## TASK DIRECTIONS
From the first line onward, reproduce the records exactly; the final line to include is the one holding "Handheld shot,Two Asian".

## Scraped caption text data
--------------------------------
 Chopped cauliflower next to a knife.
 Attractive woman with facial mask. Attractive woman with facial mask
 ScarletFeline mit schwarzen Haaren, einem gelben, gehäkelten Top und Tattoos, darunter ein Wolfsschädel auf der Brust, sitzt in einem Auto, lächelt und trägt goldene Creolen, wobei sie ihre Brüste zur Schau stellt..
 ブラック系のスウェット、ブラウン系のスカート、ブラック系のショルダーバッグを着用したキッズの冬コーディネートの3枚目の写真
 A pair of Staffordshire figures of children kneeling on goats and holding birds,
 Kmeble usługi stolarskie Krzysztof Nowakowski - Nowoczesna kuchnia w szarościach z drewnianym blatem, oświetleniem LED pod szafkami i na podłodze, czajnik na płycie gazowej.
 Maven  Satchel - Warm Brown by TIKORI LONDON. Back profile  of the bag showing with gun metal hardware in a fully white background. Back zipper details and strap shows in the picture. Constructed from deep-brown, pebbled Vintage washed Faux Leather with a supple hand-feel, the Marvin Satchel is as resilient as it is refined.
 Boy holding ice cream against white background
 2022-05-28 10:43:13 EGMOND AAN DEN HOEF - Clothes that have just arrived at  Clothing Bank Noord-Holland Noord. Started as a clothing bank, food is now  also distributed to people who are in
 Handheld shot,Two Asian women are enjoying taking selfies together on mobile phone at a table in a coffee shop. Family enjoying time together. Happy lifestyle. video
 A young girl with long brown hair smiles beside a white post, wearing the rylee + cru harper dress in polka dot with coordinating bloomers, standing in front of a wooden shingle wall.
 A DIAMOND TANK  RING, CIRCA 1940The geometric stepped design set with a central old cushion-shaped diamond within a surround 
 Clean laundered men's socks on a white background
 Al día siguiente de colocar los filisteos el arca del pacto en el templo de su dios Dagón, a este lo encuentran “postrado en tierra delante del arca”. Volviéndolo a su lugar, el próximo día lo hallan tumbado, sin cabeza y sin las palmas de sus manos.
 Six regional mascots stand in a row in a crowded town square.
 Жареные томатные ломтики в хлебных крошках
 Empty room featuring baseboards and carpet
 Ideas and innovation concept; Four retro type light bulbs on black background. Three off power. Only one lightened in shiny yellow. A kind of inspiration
--------------------------------
## EXERCISE RESPONSE
 Chopped cauliflower next to a knife.
 Attractive woman with facial mask. Attractive woman with facial mask
 ScarletFeline mit schwarzen Haaren, einem gelben, gehäkelten Top und Tattoos, darunter ein Wolfsschädel auf der Brust, sitzt in einem Auto, lächelt und trägt goldene Creolen, wobei sie ihre Brüste zur Schau stellt..
 ブラック系のスウェット、ブラウン系のスカート、ブラック系のショルダーバッグを着用したキッズの冬コーディネートの3枚目の写真
 A pair of Staffordshire figures of children kneeling on goats and holding birds,
 Kmeble usługi stolarskie Krzysztof Nowakowski - Nowoczesna kuchnia w szarościach z drewnianym blatem, oświetleniem LED pod szafkami i na podłodze, czajnik na płycie gazowej.
 Maven  Satchel - Warm Brown by TIKORI LONDON. Back profile  of the bag showing with gun metal hardware in a fully white background. Back zipper details and strap shows in the picture. Constructed from deep-brown, pebbled Vintage washed Faux Leather with a supple hand-feel, the Marvin Satchel is as resilient as it is refined.
 Boy holding ice cream against white background
 2022-05-28 10:43:13 EGMOND AAN DEN HOEF - Clothes that have just arrived at  Clothing Bank Noord-Holland Noord. Started as a clothing bank, food is now  also distributed to people who are in
 Handheld shot,Two Asian women are enjoying taking selfies together on mobile phone at a table in a coffee shop. Family enjoying time together. Happy lifestyle. video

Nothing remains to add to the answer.